I am sure these are not typical of all g&t parents in RL, but it does always seem odd to me

if your child is mathematically gifted, surely the first step should be to encourage them to take up an instrument, or to get involved in household mathematics, or anything practical that uses technical skills

stretching sideways instead of just forwards

cory · 19/06/2009 14:41

my nephew is mathematically gifted and his father is very very good at maths

but instead of tutoring him up to college level, he has taught him to play chess, and let him have violin lessons, and learn basic composition techniques, so he can write his own music

so the same part of his brain is being stretched but in ways that won't leave him totally out of synch with the school

DadAtLarge · 20/06/2009 21:33

What controversy? Parents of gifted children aren't arguing against parents of other gifted children.

"But I think there is an unspoken resentment that children who are already advantaged by being more able, get special treatment to give them a further advantage."
When that special treatment comes out of a budget shared with SEN there is extra resentment. A lot of parents of SEN children struggle to get them statemented and struggle even after that to get the resources. It's with that background they oppose any special treatment for gifted children.

They don't realise that is not all a bed of roses.

The reason why G&T is so controversial on these boards is because parents who don't have G&T kids do so much of posting in G&T actively and passively opposing the need to provide for gifted children. That they may benefit from the scrapping of G&T hardly ever comes up.

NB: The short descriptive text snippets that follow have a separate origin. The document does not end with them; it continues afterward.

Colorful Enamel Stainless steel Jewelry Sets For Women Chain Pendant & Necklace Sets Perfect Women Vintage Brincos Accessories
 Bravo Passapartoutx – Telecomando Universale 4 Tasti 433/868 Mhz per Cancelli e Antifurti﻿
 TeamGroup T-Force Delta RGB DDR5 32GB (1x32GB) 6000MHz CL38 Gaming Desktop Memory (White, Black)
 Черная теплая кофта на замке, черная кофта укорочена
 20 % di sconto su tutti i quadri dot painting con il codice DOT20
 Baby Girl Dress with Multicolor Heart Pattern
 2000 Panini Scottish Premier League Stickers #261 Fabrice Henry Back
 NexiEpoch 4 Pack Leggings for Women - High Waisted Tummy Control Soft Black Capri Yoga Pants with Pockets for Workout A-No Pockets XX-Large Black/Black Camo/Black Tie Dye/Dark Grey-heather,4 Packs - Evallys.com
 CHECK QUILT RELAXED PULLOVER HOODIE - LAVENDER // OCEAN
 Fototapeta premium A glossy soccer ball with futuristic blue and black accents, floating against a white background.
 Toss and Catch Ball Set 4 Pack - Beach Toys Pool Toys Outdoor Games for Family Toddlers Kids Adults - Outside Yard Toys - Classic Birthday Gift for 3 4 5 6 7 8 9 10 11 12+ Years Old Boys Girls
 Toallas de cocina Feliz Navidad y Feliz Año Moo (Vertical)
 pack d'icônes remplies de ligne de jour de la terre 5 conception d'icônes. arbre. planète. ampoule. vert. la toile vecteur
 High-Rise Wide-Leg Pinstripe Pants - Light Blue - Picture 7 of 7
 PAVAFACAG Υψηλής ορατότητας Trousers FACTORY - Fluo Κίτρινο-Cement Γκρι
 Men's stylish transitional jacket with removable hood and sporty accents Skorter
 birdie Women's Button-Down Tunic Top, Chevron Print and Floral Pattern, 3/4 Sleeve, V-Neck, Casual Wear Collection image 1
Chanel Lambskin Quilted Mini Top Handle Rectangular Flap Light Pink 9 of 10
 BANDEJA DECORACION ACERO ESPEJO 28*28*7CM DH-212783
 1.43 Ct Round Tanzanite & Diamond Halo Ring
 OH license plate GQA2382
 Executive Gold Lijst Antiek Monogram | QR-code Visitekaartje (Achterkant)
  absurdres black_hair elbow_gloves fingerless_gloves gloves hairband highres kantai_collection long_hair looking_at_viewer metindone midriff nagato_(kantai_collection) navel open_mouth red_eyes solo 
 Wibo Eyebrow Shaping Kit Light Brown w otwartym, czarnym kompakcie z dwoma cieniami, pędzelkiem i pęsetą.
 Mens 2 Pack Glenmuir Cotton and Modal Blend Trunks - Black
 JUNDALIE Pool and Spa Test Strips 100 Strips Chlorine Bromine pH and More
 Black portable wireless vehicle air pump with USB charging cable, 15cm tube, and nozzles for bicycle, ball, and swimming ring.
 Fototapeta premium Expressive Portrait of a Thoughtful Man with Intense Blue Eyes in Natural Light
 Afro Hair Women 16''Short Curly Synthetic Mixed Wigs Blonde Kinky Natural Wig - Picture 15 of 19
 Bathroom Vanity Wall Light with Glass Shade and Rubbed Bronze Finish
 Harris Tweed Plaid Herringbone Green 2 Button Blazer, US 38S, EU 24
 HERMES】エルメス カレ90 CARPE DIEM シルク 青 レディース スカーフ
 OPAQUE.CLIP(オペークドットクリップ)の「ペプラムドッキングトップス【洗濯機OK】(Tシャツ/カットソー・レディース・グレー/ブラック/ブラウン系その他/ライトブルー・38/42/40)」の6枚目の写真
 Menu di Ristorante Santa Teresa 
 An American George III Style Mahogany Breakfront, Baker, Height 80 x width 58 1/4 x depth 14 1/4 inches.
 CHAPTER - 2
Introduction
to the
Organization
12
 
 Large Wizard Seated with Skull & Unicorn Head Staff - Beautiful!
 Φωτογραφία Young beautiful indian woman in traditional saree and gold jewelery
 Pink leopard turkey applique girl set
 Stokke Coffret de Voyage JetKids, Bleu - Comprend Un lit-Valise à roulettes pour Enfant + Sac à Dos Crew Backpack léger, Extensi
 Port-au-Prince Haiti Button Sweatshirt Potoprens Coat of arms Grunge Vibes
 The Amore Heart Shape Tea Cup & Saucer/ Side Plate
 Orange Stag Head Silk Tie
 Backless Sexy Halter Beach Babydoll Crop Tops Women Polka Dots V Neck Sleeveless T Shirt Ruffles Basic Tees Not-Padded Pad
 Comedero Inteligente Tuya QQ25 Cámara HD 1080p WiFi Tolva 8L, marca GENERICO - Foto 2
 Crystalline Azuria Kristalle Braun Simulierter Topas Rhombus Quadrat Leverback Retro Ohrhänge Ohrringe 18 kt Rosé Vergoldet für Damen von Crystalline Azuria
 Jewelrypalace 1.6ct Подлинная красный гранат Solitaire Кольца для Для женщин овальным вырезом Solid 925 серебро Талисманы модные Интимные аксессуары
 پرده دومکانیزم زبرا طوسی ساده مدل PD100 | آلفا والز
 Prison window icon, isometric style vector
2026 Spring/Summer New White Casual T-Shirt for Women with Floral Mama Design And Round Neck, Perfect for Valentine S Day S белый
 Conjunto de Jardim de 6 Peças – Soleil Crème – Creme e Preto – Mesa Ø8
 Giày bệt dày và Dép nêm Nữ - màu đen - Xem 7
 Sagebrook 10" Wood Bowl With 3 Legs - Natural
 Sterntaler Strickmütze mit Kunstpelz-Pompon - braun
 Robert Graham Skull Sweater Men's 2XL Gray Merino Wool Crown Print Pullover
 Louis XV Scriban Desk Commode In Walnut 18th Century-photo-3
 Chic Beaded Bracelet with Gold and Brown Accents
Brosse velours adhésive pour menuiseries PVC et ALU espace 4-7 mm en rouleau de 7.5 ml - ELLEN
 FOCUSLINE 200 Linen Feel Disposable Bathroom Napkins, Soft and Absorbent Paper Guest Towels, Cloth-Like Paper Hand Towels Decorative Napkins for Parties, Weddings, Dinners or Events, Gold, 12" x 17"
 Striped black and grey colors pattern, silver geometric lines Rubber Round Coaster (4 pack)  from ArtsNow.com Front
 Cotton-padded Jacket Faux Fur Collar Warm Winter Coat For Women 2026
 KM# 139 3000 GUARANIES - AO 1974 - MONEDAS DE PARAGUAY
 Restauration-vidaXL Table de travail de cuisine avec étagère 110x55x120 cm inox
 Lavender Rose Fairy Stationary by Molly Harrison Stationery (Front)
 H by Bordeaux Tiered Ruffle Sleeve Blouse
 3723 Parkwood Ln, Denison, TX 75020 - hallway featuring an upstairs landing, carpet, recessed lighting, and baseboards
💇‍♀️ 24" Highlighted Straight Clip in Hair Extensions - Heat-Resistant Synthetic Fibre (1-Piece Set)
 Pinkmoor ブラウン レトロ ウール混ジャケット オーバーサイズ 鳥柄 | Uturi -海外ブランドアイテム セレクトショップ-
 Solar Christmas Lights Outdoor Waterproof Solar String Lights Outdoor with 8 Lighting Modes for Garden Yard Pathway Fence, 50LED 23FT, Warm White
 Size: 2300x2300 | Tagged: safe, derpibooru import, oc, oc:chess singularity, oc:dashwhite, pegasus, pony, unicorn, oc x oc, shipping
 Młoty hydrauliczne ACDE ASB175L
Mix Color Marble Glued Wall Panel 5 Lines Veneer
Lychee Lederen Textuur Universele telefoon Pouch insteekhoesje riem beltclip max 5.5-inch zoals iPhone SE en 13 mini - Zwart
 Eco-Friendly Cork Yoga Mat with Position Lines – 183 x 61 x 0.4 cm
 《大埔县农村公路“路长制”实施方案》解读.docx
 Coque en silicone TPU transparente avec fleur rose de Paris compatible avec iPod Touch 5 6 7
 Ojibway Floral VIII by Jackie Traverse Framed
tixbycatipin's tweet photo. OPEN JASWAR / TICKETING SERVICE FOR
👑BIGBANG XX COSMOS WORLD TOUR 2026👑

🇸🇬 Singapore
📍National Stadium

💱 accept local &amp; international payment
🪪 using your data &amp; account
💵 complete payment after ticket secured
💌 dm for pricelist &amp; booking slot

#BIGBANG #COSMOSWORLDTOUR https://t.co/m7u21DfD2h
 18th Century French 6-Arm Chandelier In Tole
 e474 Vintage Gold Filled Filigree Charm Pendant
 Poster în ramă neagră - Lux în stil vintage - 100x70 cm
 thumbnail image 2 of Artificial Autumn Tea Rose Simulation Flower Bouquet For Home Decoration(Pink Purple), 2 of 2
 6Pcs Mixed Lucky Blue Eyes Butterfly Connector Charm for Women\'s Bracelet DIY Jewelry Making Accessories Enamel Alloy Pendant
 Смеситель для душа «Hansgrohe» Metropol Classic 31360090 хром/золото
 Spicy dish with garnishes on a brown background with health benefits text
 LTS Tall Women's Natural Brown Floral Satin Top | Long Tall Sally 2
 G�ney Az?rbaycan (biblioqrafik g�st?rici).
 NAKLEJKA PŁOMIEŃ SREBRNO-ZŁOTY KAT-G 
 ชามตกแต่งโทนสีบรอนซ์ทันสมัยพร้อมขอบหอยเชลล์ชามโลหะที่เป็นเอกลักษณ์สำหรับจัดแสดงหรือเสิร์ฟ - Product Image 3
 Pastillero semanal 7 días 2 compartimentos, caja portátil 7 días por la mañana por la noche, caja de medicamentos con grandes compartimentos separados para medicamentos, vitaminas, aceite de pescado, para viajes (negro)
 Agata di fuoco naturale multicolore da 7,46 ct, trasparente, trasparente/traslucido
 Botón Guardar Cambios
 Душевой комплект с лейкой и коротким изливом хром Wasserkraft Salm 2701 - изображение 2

The other group who cause the controversy here are some teachers. They stand to gain from less work (and if they work with SEN children then they could benefit from larger budgets). Again, it's not just one or two... but several.

Maybe these groups genuinely feel that gifted children shouldn't get any extra resources. Maybe their personal circumstances have nothing to do with their opinions. It's hard to accept, though, that their positions are unbiased. And, as long as they keep arguing their anti-G&T case in the G&T forum, there'll continue to be controversy.

jabberwocky · 20/06/2009 21:53

I have often wondered about this as well - the controversial nature, that is.I am in the US and a friend from abroad explained that it was more of a cultural thing. That people in the UK tend to think of someone who is talking about G&T in the sense that they are boasting. Perhaps that may happen in some cases, but I think most of the time parents truly want and need support from other parents in the same or similar situation. Gifted children can have so many challenges. Since they are ahead of their peers academically it causes social problems for many of them and they can even be behind their peers socially as they tend to be all over the board in terms of development.

Regarding "evening out", it is well-known by professionals in the gifted arena that these children tend to mentally drop out, typically by the third grade, if they are not properly challenged and stimulated.

It really is too bad that threads on this topic tend to degenerate so quickly into people taking the piss. It is a real issue and deserves thoughtful discussion. I know of no other topic on MN where this happens with such regularity

cory · 21/06/2009 09:08

DadAtLarge on Sat 20-Jun-09 21:33:25
"What controversy? Parents of gifted children aren't arguing against parents of other gifted children."

So I don't count? Or you have simply decided that since I don't agree with you, my dd cannot be properly gifted?

There is a very strong tendency for the parents with gifted children on these threads to decide that anyone who questions their idea must be jealous and consequently cannot have a gifted child themselves. Or that if the child does not exactly correspond to your description of your own child (social difficulties, tendency to get bored very quickly etc), then they cannot be properly gifted.